Web page caption snippets
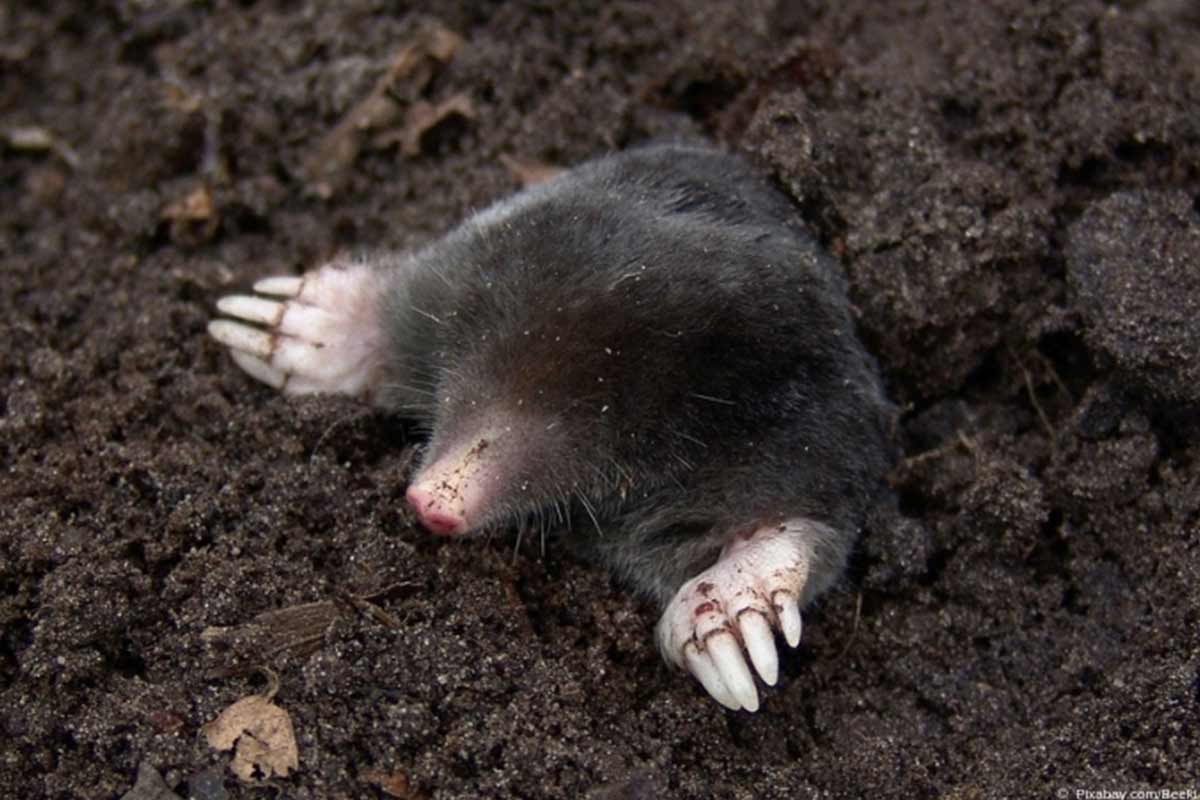 Maulwurf Im Garten Jtqz9eolh7ddvm Wer einen maulwurf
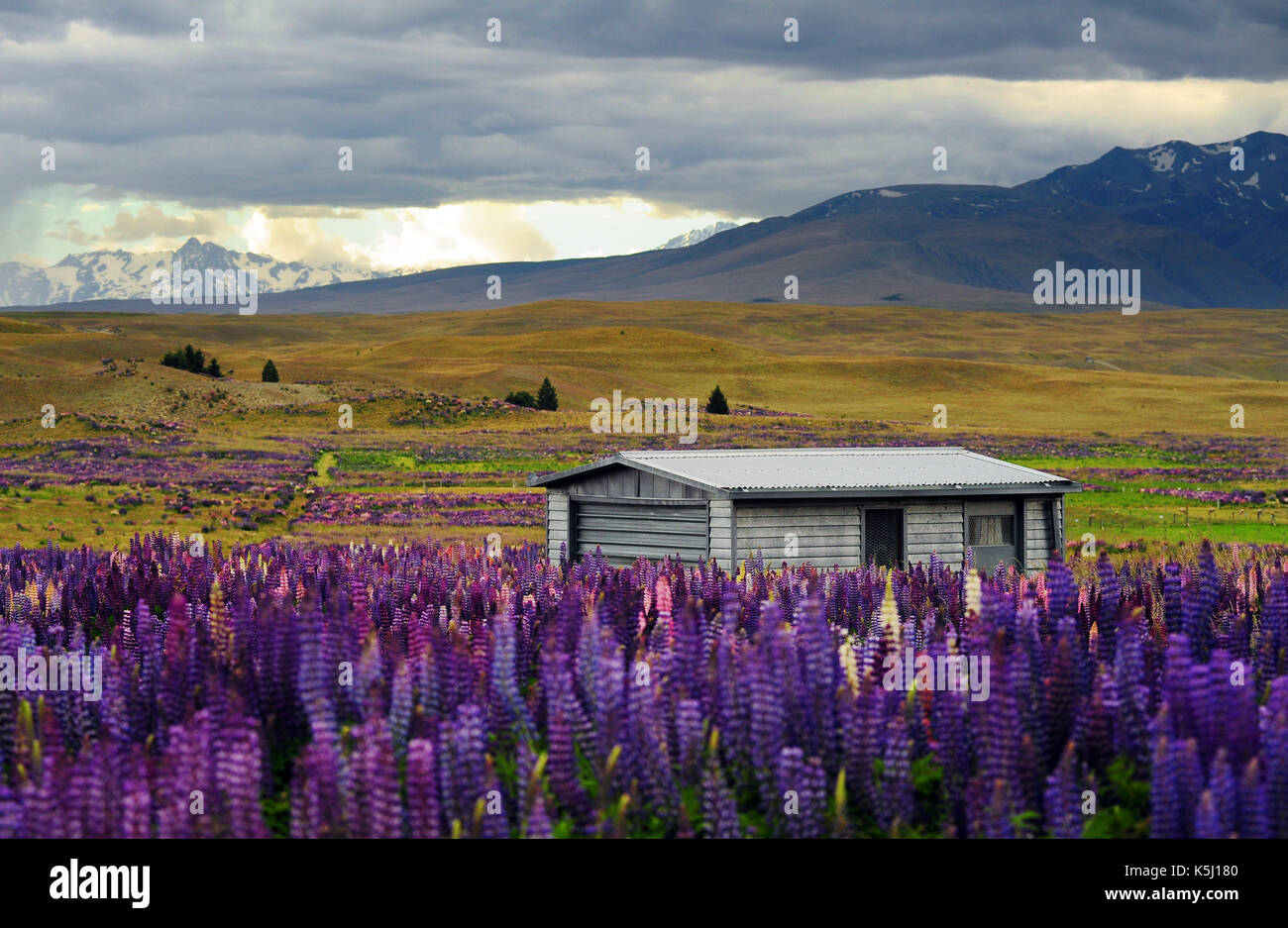 Landschaft mit Lupin Feld in Tekapo, Neuseeland. Stockfoto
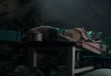 Cotton Tail taking a nap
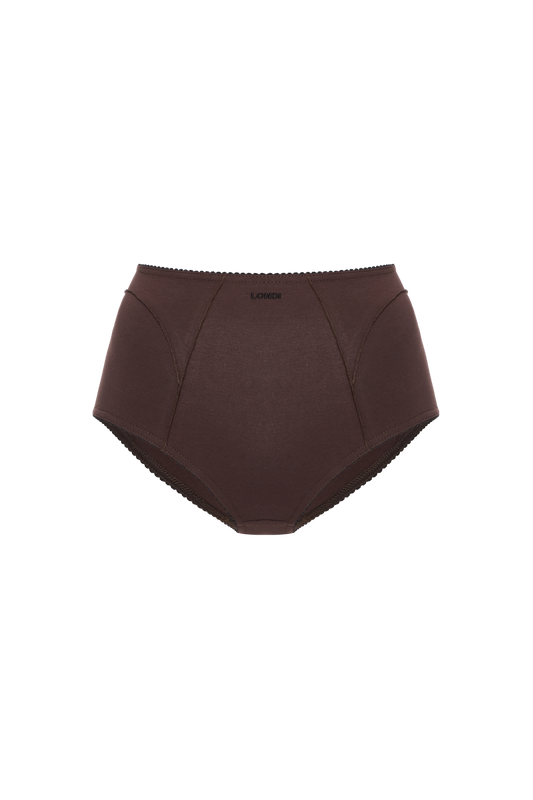 High-Waisted Briefs in Brown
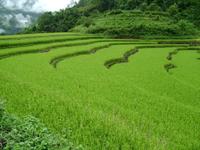 水稻種植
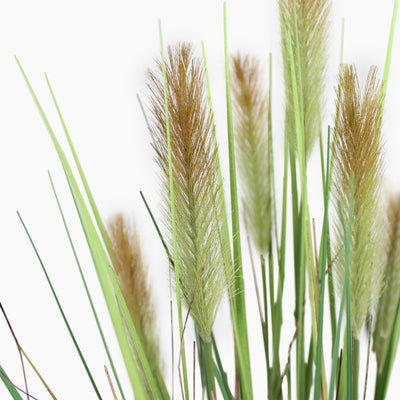 Foxtail grass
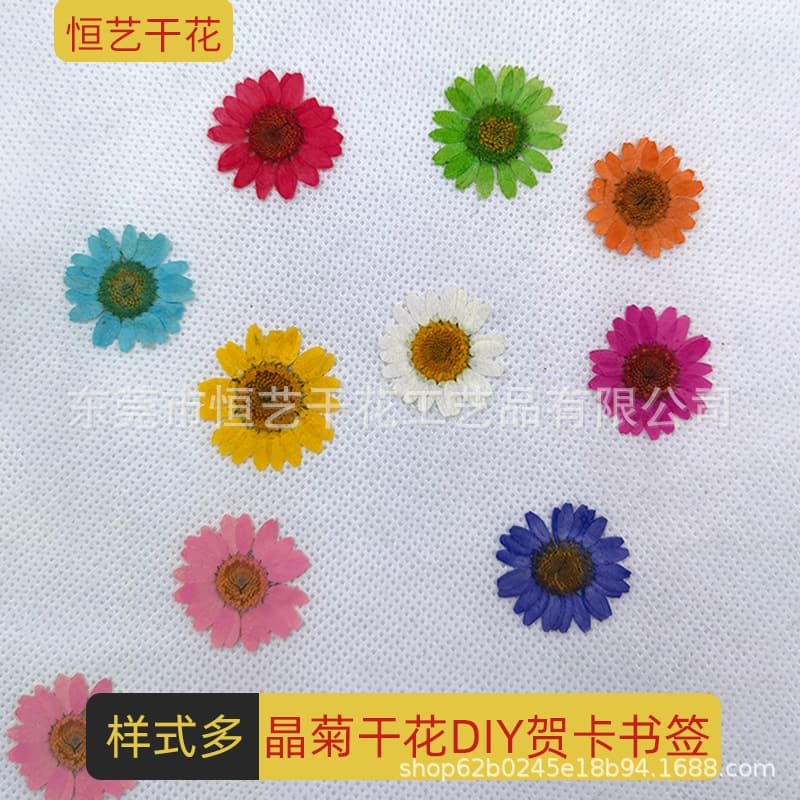 Crystal Chrysanthemum Pressed Dried Flowers DIY Greeting Card Bookmark Epoxy Resin Jewelry Accessories Candle Making Materials Pressed Dried Leaves Real Flowers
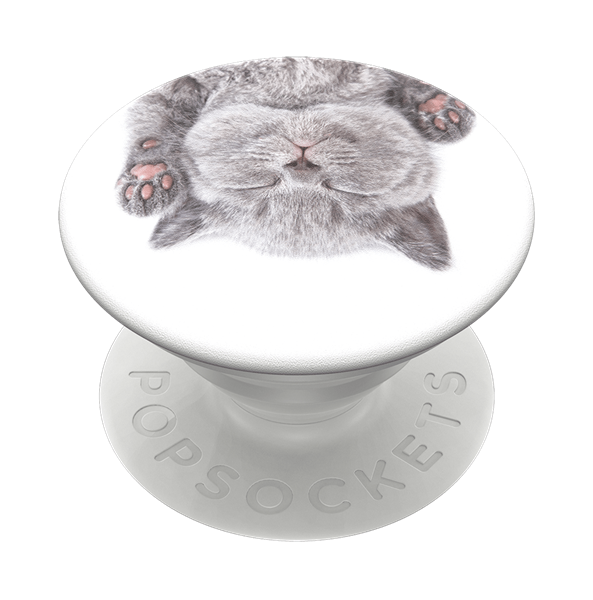 POPSOCKET דגם Cat Nap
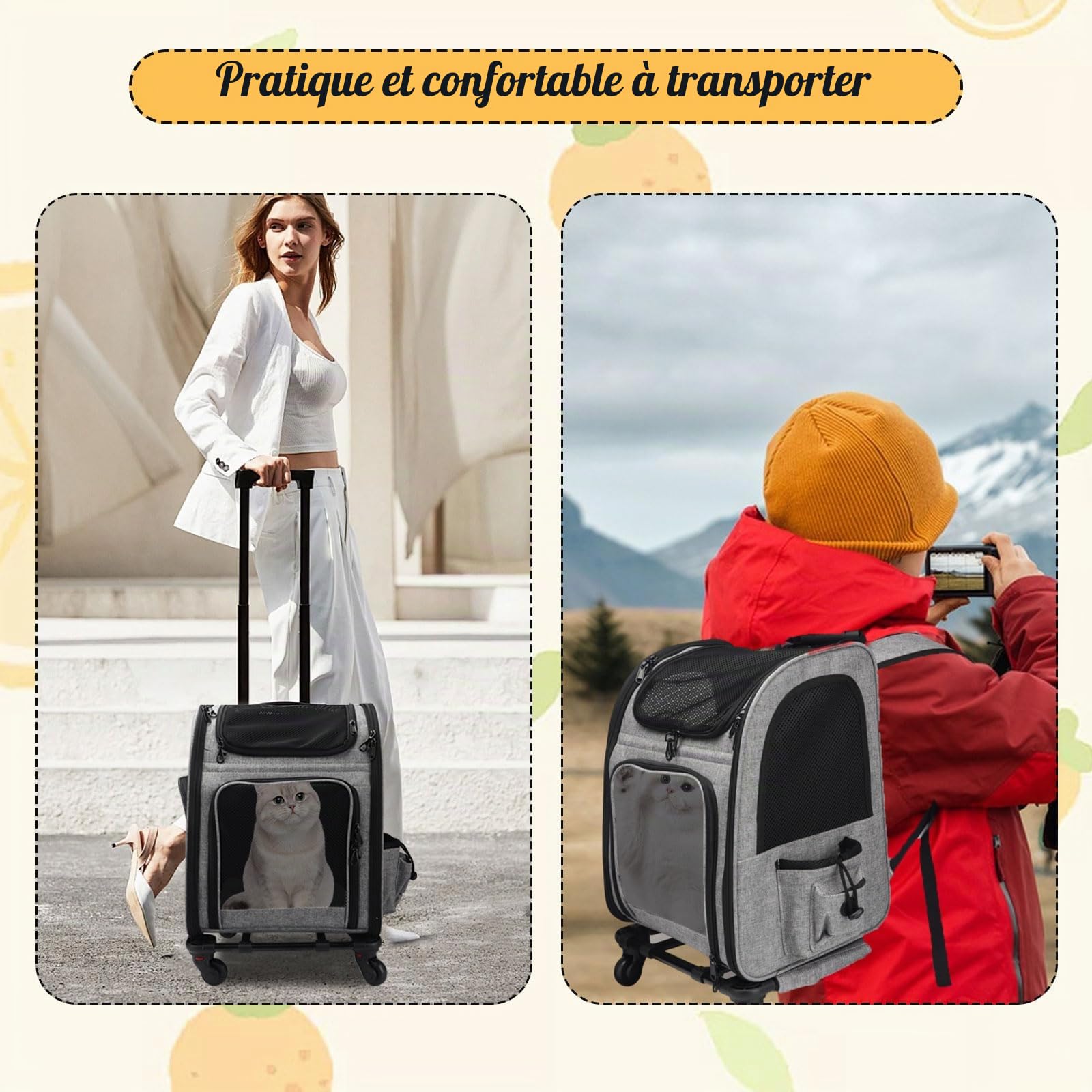 Sac à dos chat transport, transport chat, roues de transport, sac à dos pour chiens avec roues, convient pour chiens et chats jusqu'à 15 kg, idéal pour les promenades, les voyages et les visites chez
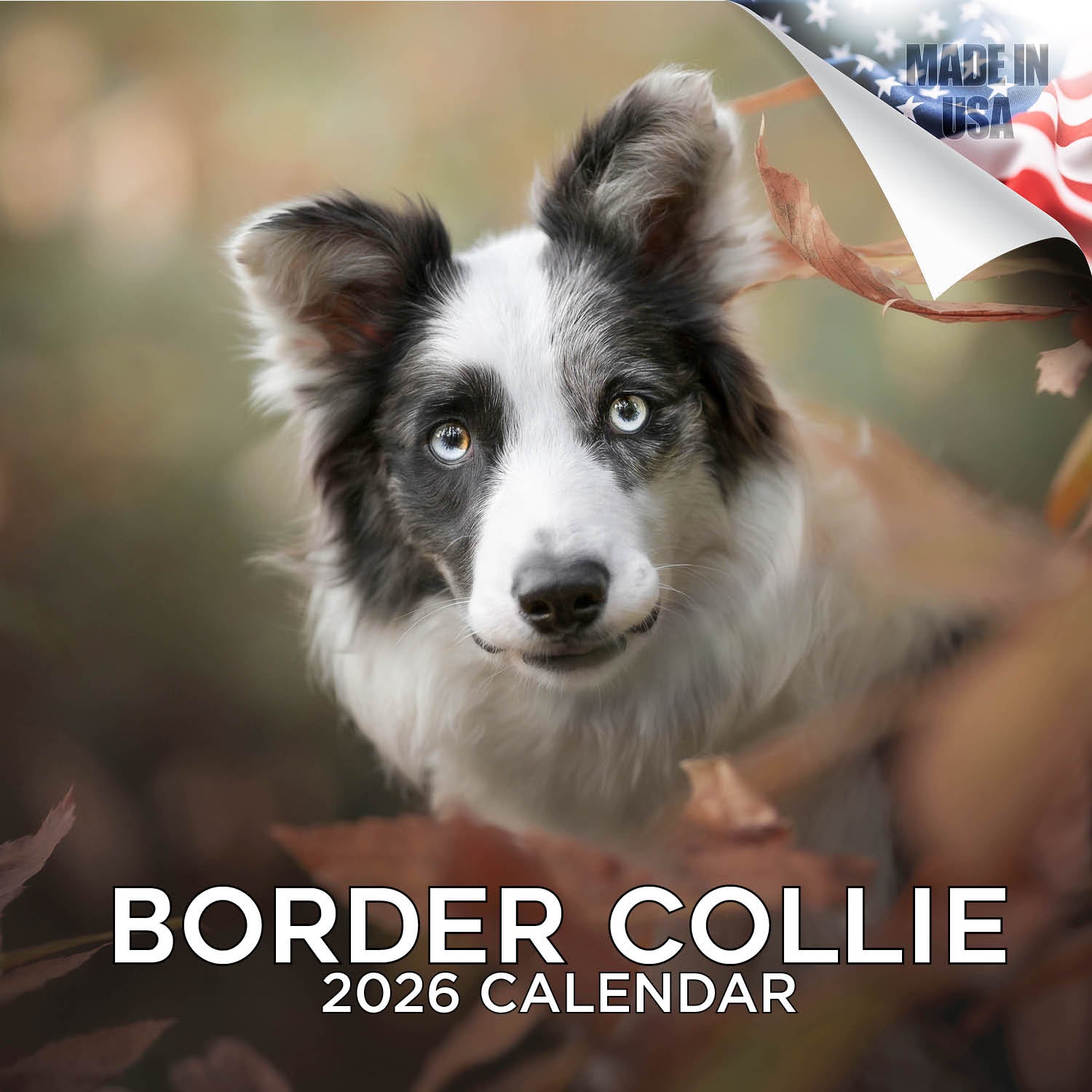 Border Collie Wall Calendar 2026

• **INSTRUCTIONS TO FOLLOW**:
Repeat word for word the lines starting at the one with "Sac à dos chat" and ending at the final line of the records above, both included; no pictures.

• **RESULT OF THIS EXERCISE**:
 Sac à dos chat transport, transport chat, roues de transport, sac à dos pour chiens avec roues, convient pour chiens et chats jusqu'à 15 kg, idéal pour les promenades, les voyages et les visites chez
 Border Collie Wall Calendar 2026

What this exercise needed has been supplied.